Etiam capillus unus habet umbram suam
[pronuncia
scolastica: èziam capìllus unus abet umbram suam]
[pronuncia
restituita: ètiam capìllus unus habet umbram suam]
Publilio Sirio, nelle sue Sententiae,
scriveva che “anche un solo capello ha una sua ombra”, per ribadire che non
bisogna trascurare i dettagli che sembrano più insignificanti. Spesso la
soluzione a un problema, o la chiave di lettura giusta per affrontare un
discorso sta nell’osservazione di quei particolari che possono apparire
insignificanti. È quello che disse Freud quando comprese che per interpretare
la pulsione che muove il contenuto di un sogno, non si deve badare solo alla
scena primaria, cioè a ciò che sta al centro della rappresentazione onirica, ma
a quegli elementi decentrati, messi in secondo piano, poiché l’inconscio tenta
di censurare il suo vero messaggio.

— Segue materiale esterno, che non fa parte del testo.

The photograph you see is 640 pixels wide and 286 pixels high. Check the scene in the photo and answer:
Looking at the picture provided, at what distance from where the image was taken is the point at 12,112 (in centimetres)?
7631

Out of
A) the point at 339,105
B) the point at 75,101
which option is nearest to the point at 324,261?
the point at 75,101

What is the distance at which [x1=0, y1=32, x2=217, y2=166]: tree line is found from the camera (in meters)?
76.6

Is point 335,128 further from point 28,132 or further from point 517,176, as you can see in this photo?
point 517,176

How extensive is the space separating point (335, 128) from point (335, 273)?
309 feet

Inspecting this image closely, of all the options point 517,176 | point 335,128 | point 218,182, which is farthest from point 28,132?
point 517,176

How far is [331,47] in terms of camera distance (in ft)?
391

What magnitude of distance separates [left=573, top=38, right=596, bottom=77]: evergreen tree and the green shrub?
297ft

E anche i fisici, quando vogliono spiegare
fenomeni enormi e onnicomprensivi come il big bang, non possono fare a meno di
ricorrere a quelle minuscole particelle subatomiche che neanche si vedono ad
occhio nudo ma che stanno alla base di tutto.

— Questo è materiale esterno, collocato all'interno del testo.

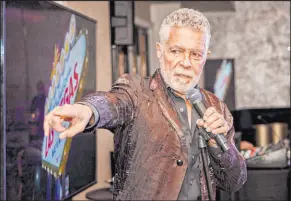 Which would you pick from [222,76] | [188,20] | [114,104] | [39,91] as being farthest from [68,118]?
[222,76]

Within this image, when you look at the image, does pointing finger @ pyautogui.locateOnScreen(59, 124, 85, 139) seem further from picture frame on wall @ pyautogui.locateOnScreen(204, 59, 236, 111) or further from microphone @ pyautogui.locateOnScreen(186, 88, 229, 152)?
picture frame on wall @ pyautogui.locateOnScreen(204, 59, 236, 111)

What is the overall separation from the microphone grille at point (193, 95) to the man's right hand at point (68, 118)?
0.30 meters

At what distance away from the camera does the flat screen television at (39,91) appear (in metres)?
2.48

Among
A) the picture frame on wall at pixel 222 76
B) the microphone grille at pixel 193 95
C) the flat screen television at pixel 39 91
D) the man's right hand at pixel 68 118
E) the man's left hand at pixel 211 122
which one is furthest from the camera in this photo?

O Tite tute Tati tibi tanta tyranne tulisti
[pronuncia scolastica: o
Tite tute Tazi tibi tanta tirànne tulìsti]
[pronuncia restituita: o
Tite tute Tati tibi tanta türànne tulìsti]

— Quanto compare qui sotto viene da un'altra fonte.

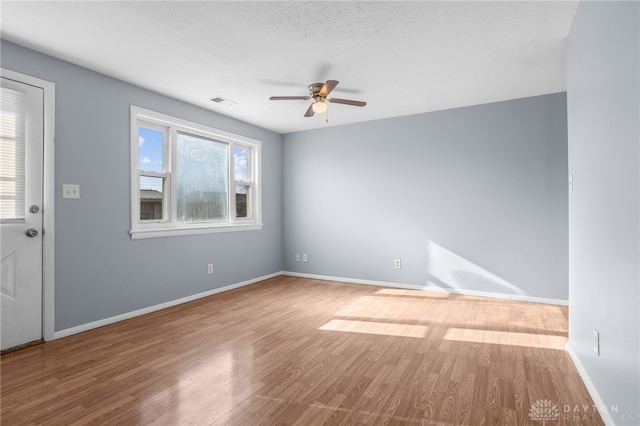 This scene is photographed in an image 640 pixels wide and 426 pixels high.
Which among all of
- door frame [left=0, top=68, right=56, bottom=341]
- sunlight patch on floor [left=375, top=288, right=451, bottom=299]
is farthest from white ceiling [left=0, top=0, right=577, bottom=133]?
sunlight patch on floor [left=375, top=288, right=451, bottom=299]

“O tiranno Tito Tazio tu stesso ti sei
attirato cose tanto tremende”. Si legge questa frase negli Annales di Ennio, dove si parla di Tito Tazio, uno dei re di Roma
che però non vengono citati nel famoso elenco dei sette re (che è un elenco
leggendario): Tito Tazio fu re assieme a Romolo per un breve periodo e di lui
si hanno testimonianze tra gli storici della latinità. Questa frase non ha una
particolare importanza didascalica, non volendo insegnare alcun principio, ma è
diventata famosa a causa dell’enorme numero di allitterazioni a base di T
presenti praticamente in ogni parola. Questo espediente retorico l’ha resa
molto famosa per due motivi: da una parte infatti è conosciuta come uno
scioglilingua molto simpatico (assieme ad altri di cui il mondo letterario
latino è pieno); dall’altra è stata atrocemente condannata nel più antico
trattato di retorica in lingua latina a noi mai pervenuto Rhetorica ad Herennium come pessimo esempio di retorica.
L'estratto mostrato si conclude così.